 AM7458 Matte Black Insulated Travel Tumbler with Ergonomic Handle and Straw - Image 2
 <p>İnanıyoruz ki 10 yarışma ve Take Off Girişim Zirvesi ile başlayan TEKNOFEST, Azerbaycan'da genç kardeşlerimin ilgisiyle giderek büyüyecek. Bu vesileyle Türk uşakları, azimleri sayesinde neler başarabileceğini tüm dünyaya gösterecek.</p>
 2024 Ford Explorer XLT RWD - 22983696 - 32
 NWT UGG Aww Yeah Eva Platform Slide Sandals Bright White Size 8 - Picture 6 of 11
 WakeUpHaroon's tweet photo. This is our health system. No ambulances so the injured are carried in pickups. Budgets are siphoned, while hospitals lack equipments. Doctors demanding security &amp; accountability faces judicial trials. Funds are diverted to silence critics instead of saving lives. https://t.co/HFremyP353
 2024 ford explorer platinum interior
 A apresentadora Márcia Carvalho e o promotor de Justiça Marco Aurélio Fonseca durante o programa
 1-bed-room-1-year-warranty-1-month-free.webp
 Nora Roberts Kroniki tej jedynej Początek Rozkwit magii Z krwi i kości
- - -
■ Work to be completed
Every line of the data must be reproduced exactly.

■ Solution for this exercise
 AM7458 Matte Black Insulated Travel Tumbler with Ergonomic Handle and Straw - Image 2
 <p>İnanıyoruz ki 10 yarışma ve Take Off Girişim Zirvesi ile başlayan TEKNOFEST, Azerbaycan'da genç kardeşlerimin ilgisiyle giderek büyüyecek. Bu vesileyle Türk uşakları, azimleri sayesinde neler başarabileceğini tüm dünyaya gösterecek.</p>
 2024 Ford Explorer XLT RWD - 22983696 - 32
 NWT UGG Aww Yeah Eva Platform Slide Sandals Bright White Size 8 - Picture 6 of 11
 WakeUpHaroon's tweet photo. This is our health system. No ambulances so the injured are carried in pickups. Budgets are siphoned, while hospitals lack equipments. Doctors demanding security &amp; accountability faces judicial trials. Funds are diverted to silence critics instead of saving lives. https://t.co/HFremyP353
 2024 ford explorer platinum interior
 A apresentadora Márcia Carvalho e o promotor de Justiça Marco Aurélio Fonseca durante o programa
 1-bed-room-1-year-warranty-1-month-free.webp
 Nora Roberts Kroniki tej jedynej Początek Rozkwit magii Z krwi i kości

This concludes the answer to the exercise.